How can I show that $\int_0^\infty e^{-nt}\,t^{x-1}\,dt=\Gamma(x)\,n^{-x}\,$ for $x \geq 1\,$?

 

[Charles Link]

It would help if you included the equation $\Gamma(x)=\int\limits_{0}^{+\infty} e^{-t} \, t^{x-1} \, dt$ that I found in Wikipedia. I think all you need to do is let $t=n t'$.

 

[howabout1337]

It would help if you included the equation $\Gamma(x)=\int\limits_{0}^{+\infty} e^{-t} \, t^{x-1} \, dt$ that I found in Wikipedia. I think all you need to do is let $t=n t'$.

is the $t'$ in $t=n t'$ equivalent to $dt/dx$?

 

[Charles Link]

is the $t'$ in $t=n t'$ equivalent to $dt/dx$?

With $t=nt'$, you have $dt=n \, dt'$. (The Wikipedia article actually had $\Gamma(z)$, and their integration was done over $x$, but changing the letters doesn't change the mathematics). For the case at hand, $t$ is unrelated to $x$, and $dt/dx$ really has no meaning. (Note also, once you substitute in $t=nt'$, you are completely free to change the $t'$ back to the letter $t$).

 

[howabout1337]

With $t=nt'$, you have $dt=n \, dt'$. (The Wikipedia article actually had $\Gamma(z)$, and their integration was done over $x$, but changing the letters doesn't change the mathematics). For the case at hand, $t$ is unrelated to $x$, and $dt/dx$ really has no meaning. (Note also, once you substitute in $t=nt'$, you are completely free to change the $t'$ back to the letter $t$).

I ran through it, I got the equation. Does letting $t=nt'$ change the equation? Can I arbitrarily do this?

 

[Charles Link]

I ran through it, I got the equation. Does letting $t=nt'$ change the equation? Can I arbitrarily do this?
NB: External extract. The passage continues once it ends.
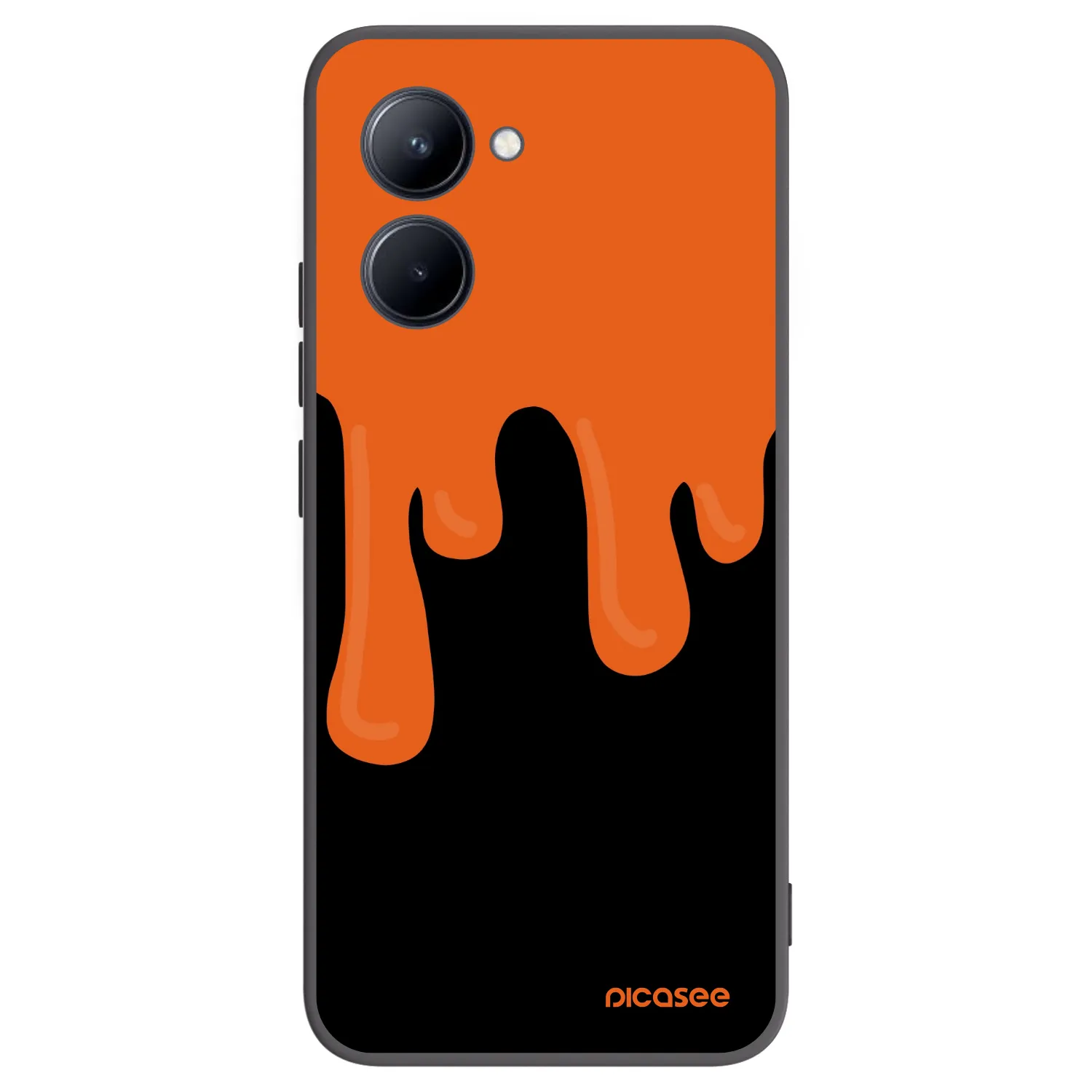 Picasee Realme C33 (2023) Hülle - Schwarzes Silikon - Orange spooky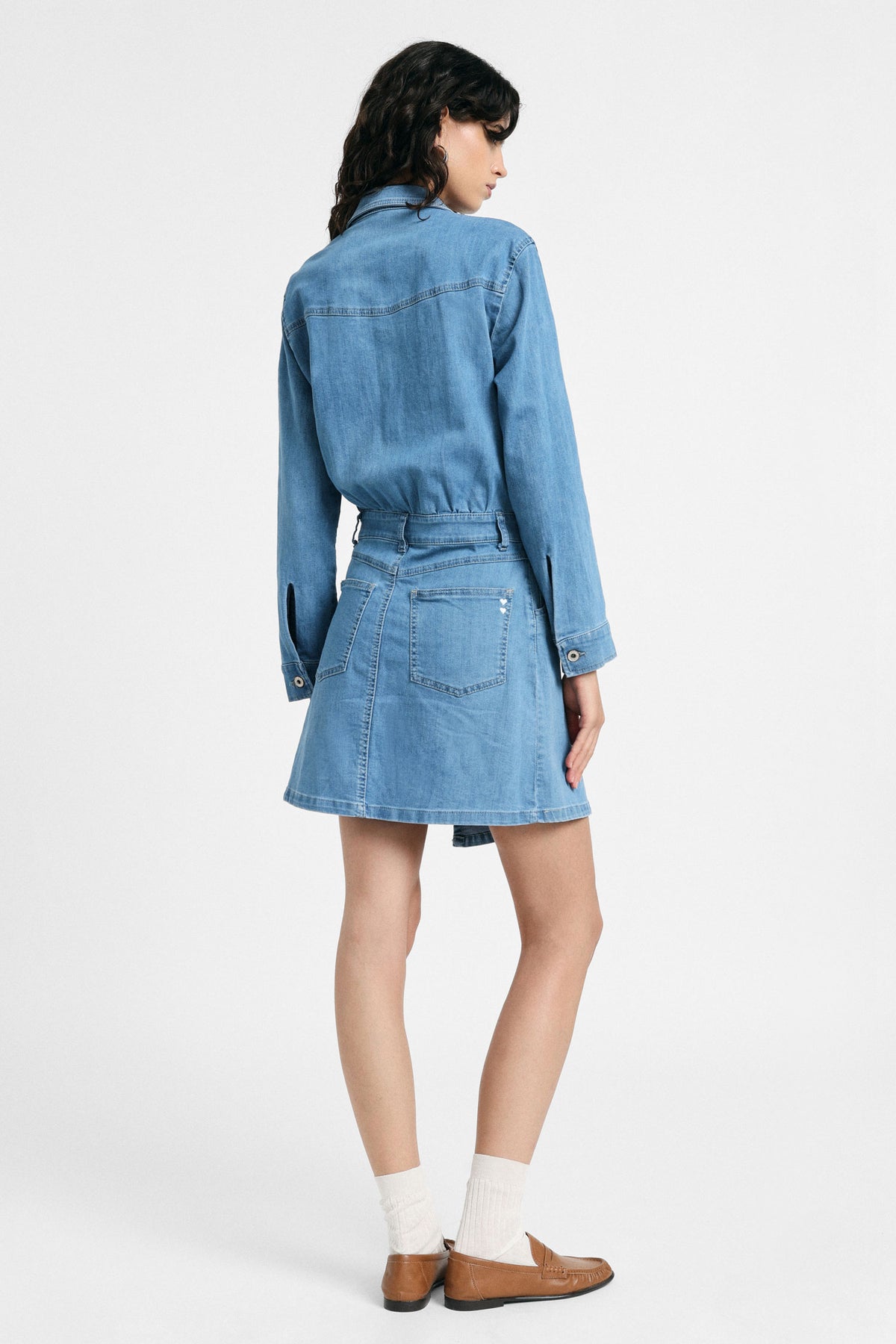 Robe courte en denim à jupe asymétrique bleu – Please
Basically you are showing that $\Gamma(x)=n^x \, \int\limits_{0}^{+\infty} e^{-nt} \, t^{x-1} \, dt$, and showing that the $n$ that appears on the right side of this last equation has no effect on the equation. It turns out, you can set $n$ equal to any number you want (Editing: It appears that $n$ must be positive or you have an $n^x$ that would be hard to define). $n$ is a constant, but that's all you know about $n$. The substitution $t=t'/n$ is completely legitimate, and then $dt= dt' /n$, and the limits of the integral are left unchanged. (The substitution is $t=t'/n$ if you begin with this expression that contains $n^x$).

 

[howabout1337]

Basically you are showing that $\Gamma(x)=n^x \, \int\limits_{0}^{+\infty} e^{-nt} \, t^{x-1} \, dt$, and showing that the $n$ that appears on the right side of this last equation has no effect on the equation. It turns out, you can set $n$ equal to any number you want (Editing: It appears that $n$ must be positive or you have an $n^x$ that would be hard to define). $n$ is a constant, but that's all you know about $n$. The substitution $t=t'/n$ is completely legitimate, and then $dt= dt' /n$, and the limits of the integral are left unchanged. (The substitution is $t=t'/n$ if you begin with this expression that contains $n^x$).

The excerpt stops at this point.